MIT-led team develops method for scaling up production of thin electronic material

David Chandler MIT News

Sheets of graphene and other materials that are virtually two-dimensional hold great promise for electronic, optical, and other high-tech applications. But the biggest limitation in unleashing this potential has been figuring out how to make these materials in the form of anything larger than tiny flakes. Now researchers at MIT and elsewhere may have found a way to do so.

The group has determined a way to make large sheets of one such material, called molybdenum telluride, or MoTe2. The team says their method is also likely to work for many similar 2-D materials, and could make widespread applications feasible.

The findings have been published in the Journal of the American Chemical Society by a team including MIT postdoc Lin Zhou; professors Mildred Dresselhaus, Jing Kong, and Tomás Palacios; and eight others at MIT, the China University of Petroleum, Central South University in China, the National Tsing-hua University in Taiwan, and Saitama University and Tohoku University in Japan.

“This material has a similar bandgap to silicon” — a characteristic needed in order to make transistors and solar cells — “and in single-layer form it has a direct bandgap,” Zhou says, which allows better light emission. “It also has strong absorption for solar radiation,” which is key to making practical solar cells, she says.

Molybdenum telluride can exist in two different forms; one is metallic, meaning it conducts electricity well, and the other is a natural semiconductor, lending itself to applications in electronics. Controlling how the material is made allows the researchers to create whichever form is needed for a particular use.

The new method is based on chemical vapor deposition (CVD), and makes it possible to create sheets of any thickness, and of a size limited only by the dimensions of the CVD chamber used for deposition.

The chemical vapor deposition system for MoTe2 growth. Photo: Jose-Luis Olivares/MIT

One challenge the team had to overcome was that the atoms of molybdenum telluride are very weakly bound to each other, so the tendency of the two precursor materials to form molybdenum telluride is low. “This makes it more challenging to make, compared to other similar materials,” Zhou says.

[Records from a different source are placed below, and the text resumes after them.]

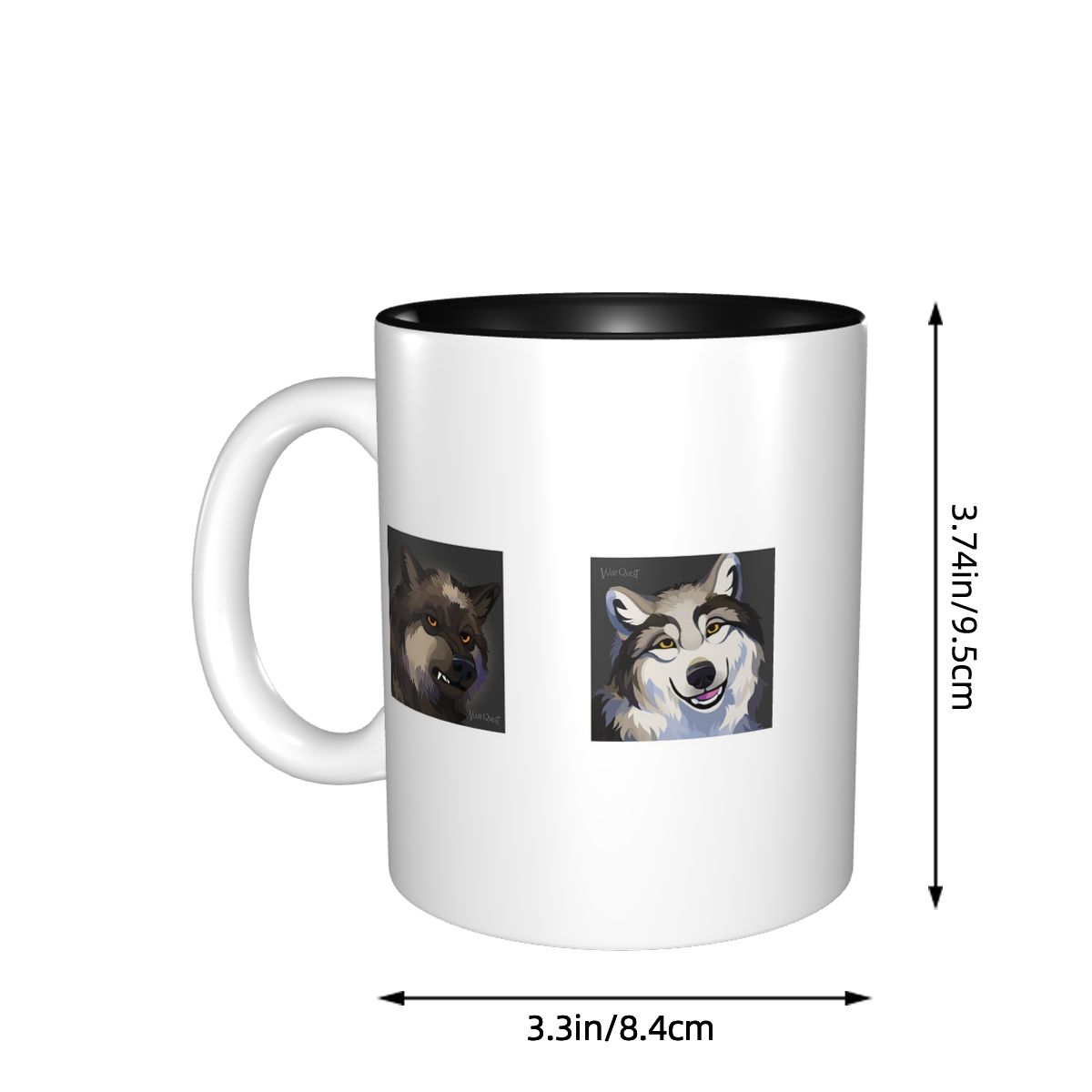 WolfQuest Morning Face Mug Fun - Morning Tea Coffee recension och pris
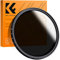 K&F Concept 67mm ND2-400 Slim Variable ND Neutral Density Filter Adjustable Fader ND2 ND4 ND8 ND16 to ND400 Lens Filter + Microfiber Cleaning Cloth for DSLR Cameras (Nano-B Series)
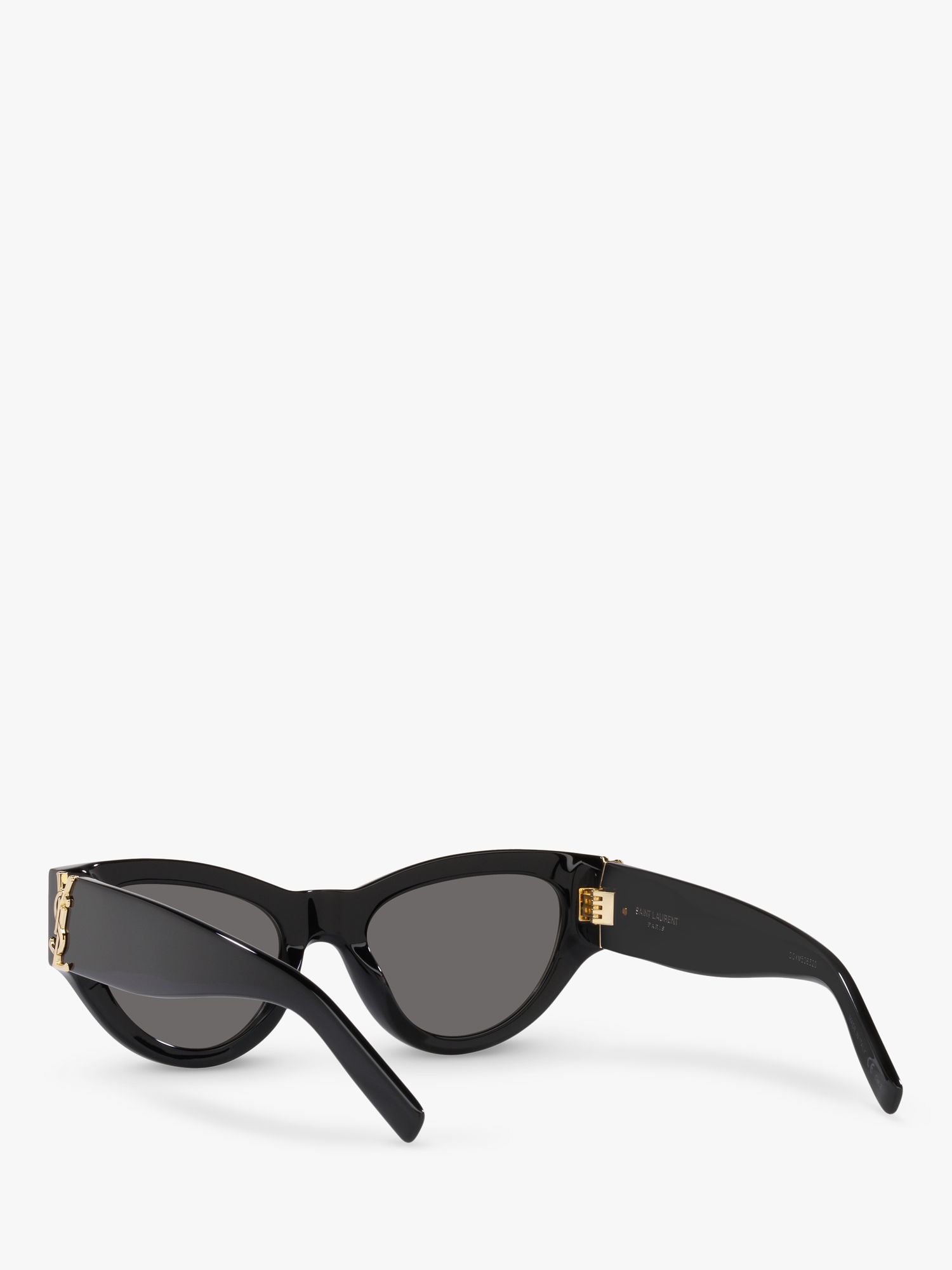 Yves Saint Laurent SL 423 Women's Cat's Eye Sunglasses, Ivory/Grey at John  Lewis & Partners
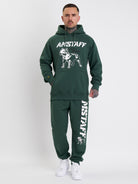Amstaff Logo 2.0 Hoodie Green - Amstaff Wear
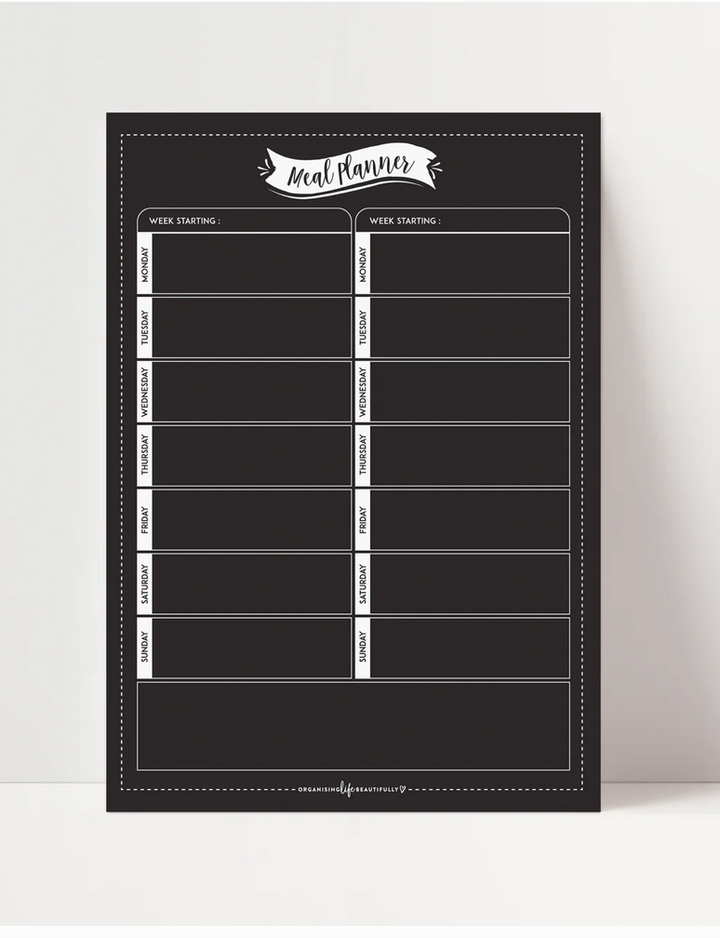 Weekly Meal Planner Magnet A4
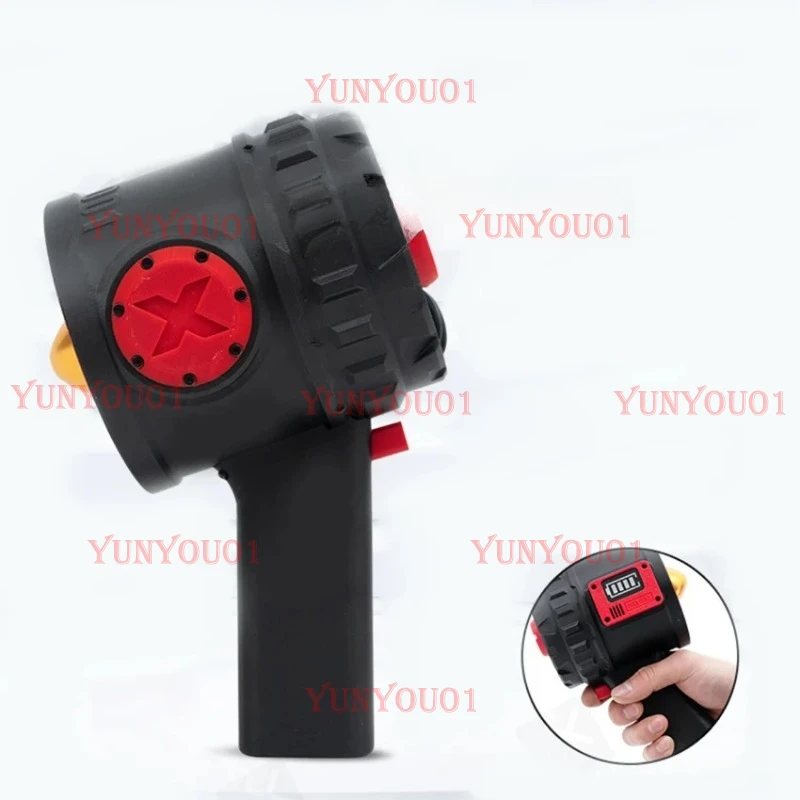 Violent Fan Handheld Violent 90MM Fan Hair Dryer Car Washing  Water Blowing Machine Snow Removal Machine ABS+PETG Carbon Fiber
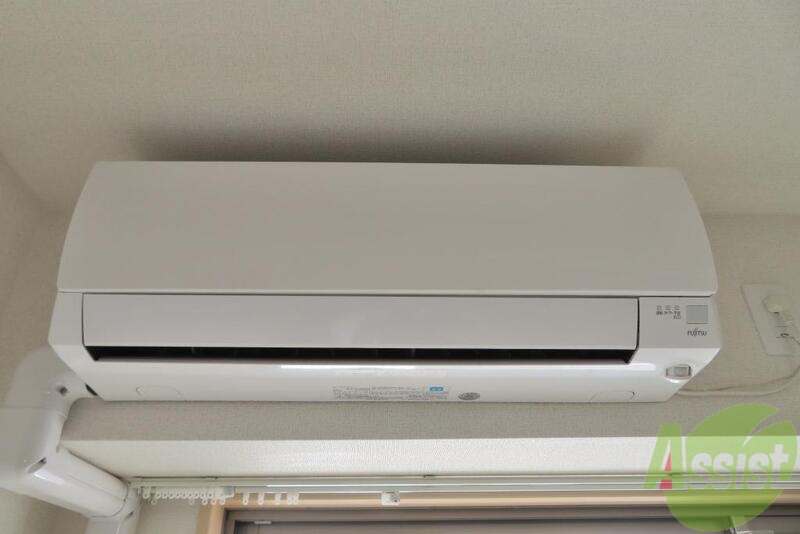 その他設備　最新式エアコン付き。もうここまでの紹介で自分ならイチコロです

The researchers were able to overcome this by using several stages of deposition, beginning with a layer of pure molybdenum. “This method makes it easy, because you only need to control one material,” Zhou says. This step is followed by oxidation of that layer; this material is then removed and powdered tellurium is added, vaporized in a carrier gas of hydrogen and argon, at a temperature of 700 degrees Celsius. The use of hydrogen in the process, the team found, is crucial to producing a uniform MoTe2 film.

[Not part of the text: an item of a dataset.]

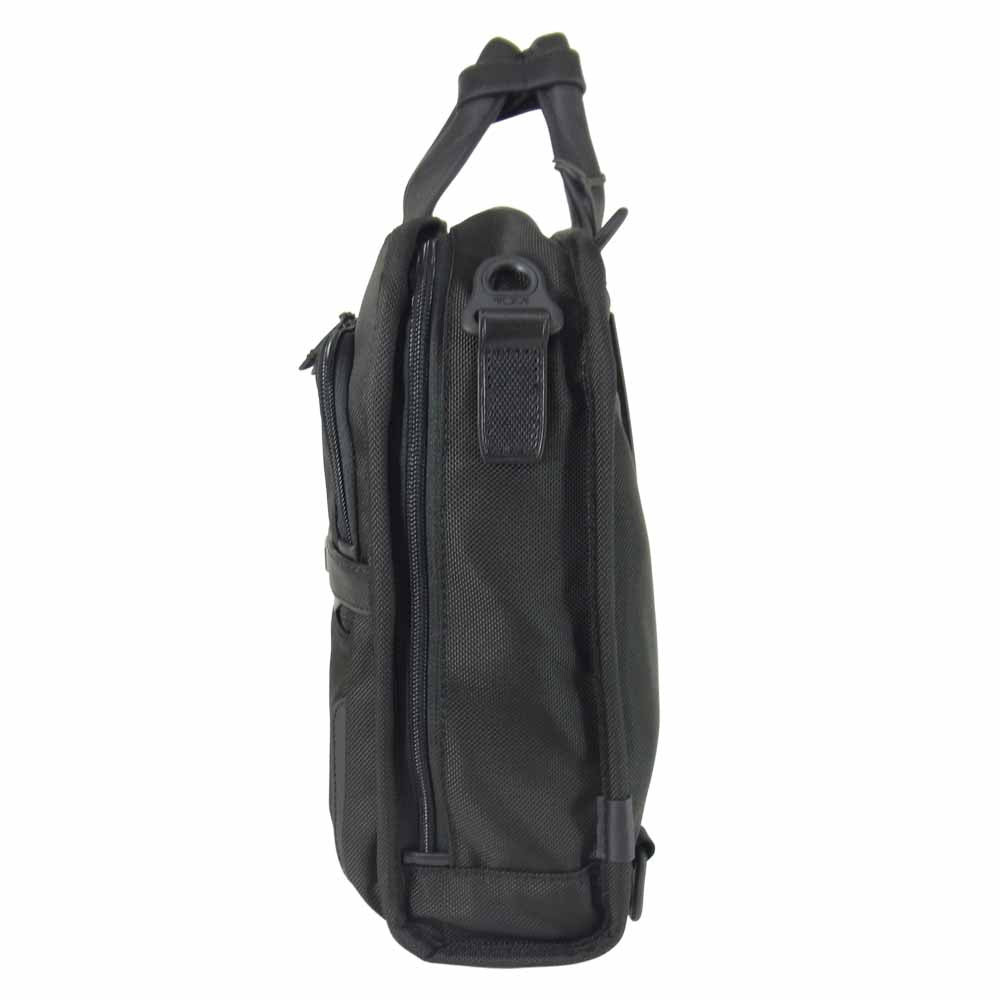 TUMI トゥミ 02603182D3 alpha スリム 3way ブリーフ ブラック ブラック系【新古品】【未使用】【中古】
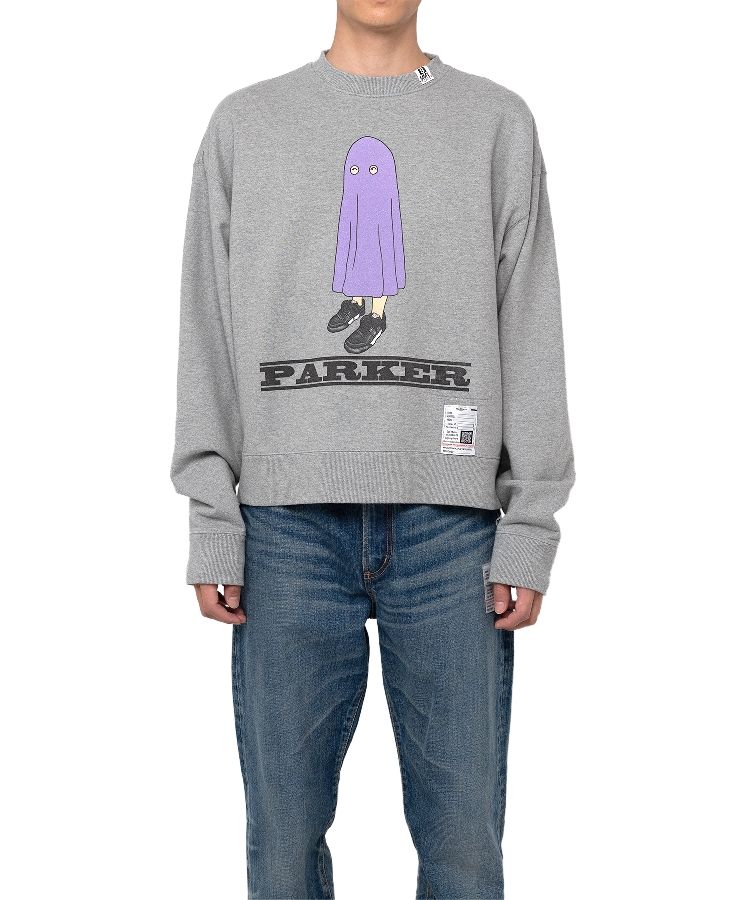 PARKER Printed Pullover Sweatshirt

The material should be immediately usable to create electronic devices including field-effect transistors, which the team has already demonstrated in the lab.

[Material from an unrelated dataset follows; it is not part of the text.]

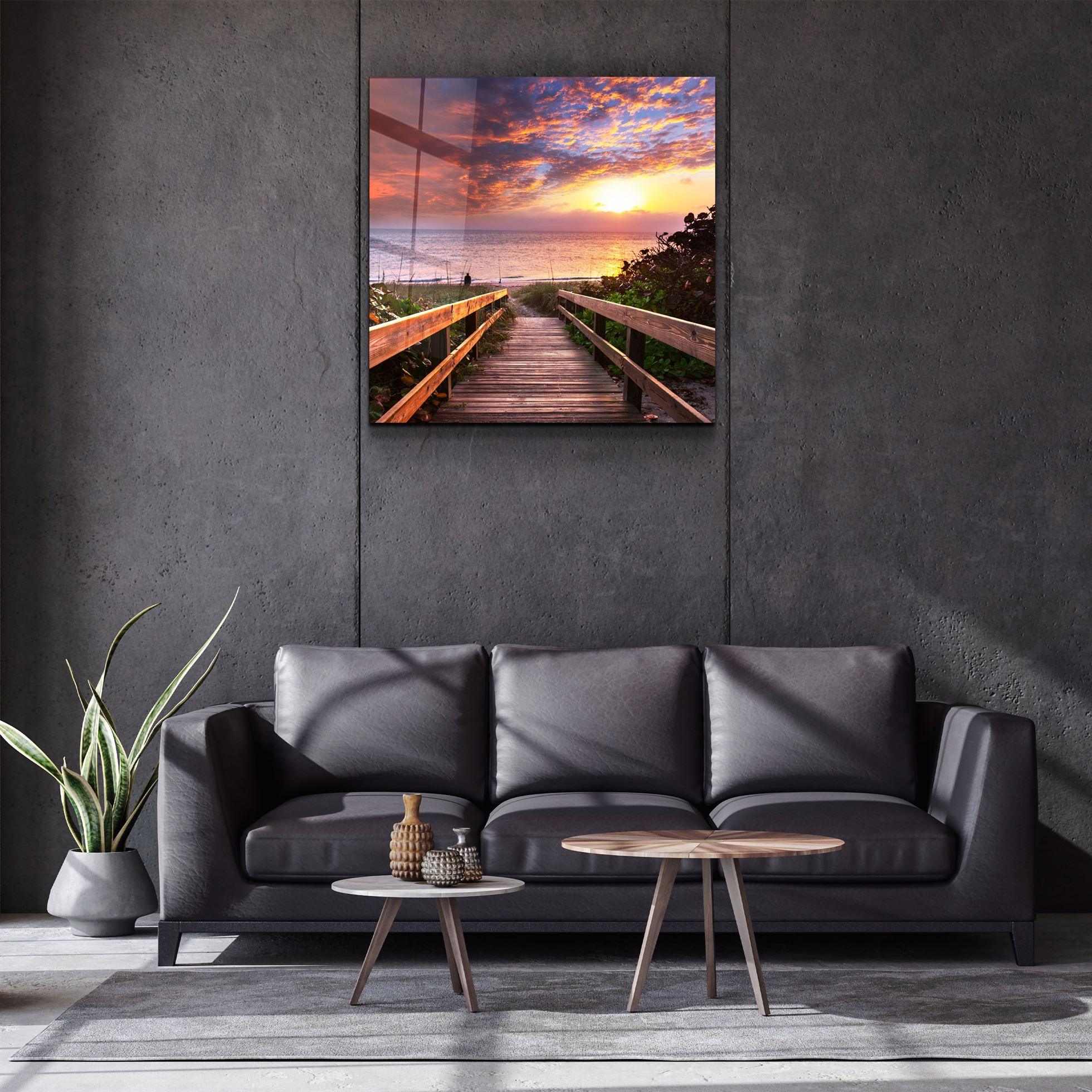 ・"Sea Landscape"・Glass Wall Art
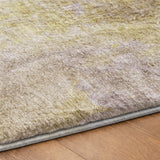 10' X 14' Gold And Beige Abstract Shag Washable Area Rug With UV Protection - HomeRoots - Flyclothing LLC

“Our process can grow sheets that have a very large area, are very homogeneous, and have high quality,” Zhou says.

The team now aims to explore adapting this process to create large sheets of other promising thin materials: “2-D materials are a big family with different properties,” Zhou says. She and her colleagues will examine whether versions of the process can work with other compounds.

Molybdenum telluride also lends itself to applications in spintronics, Zhou says, an emerging technology based on the spins of electrons rather than their charge, as in conventional electronics.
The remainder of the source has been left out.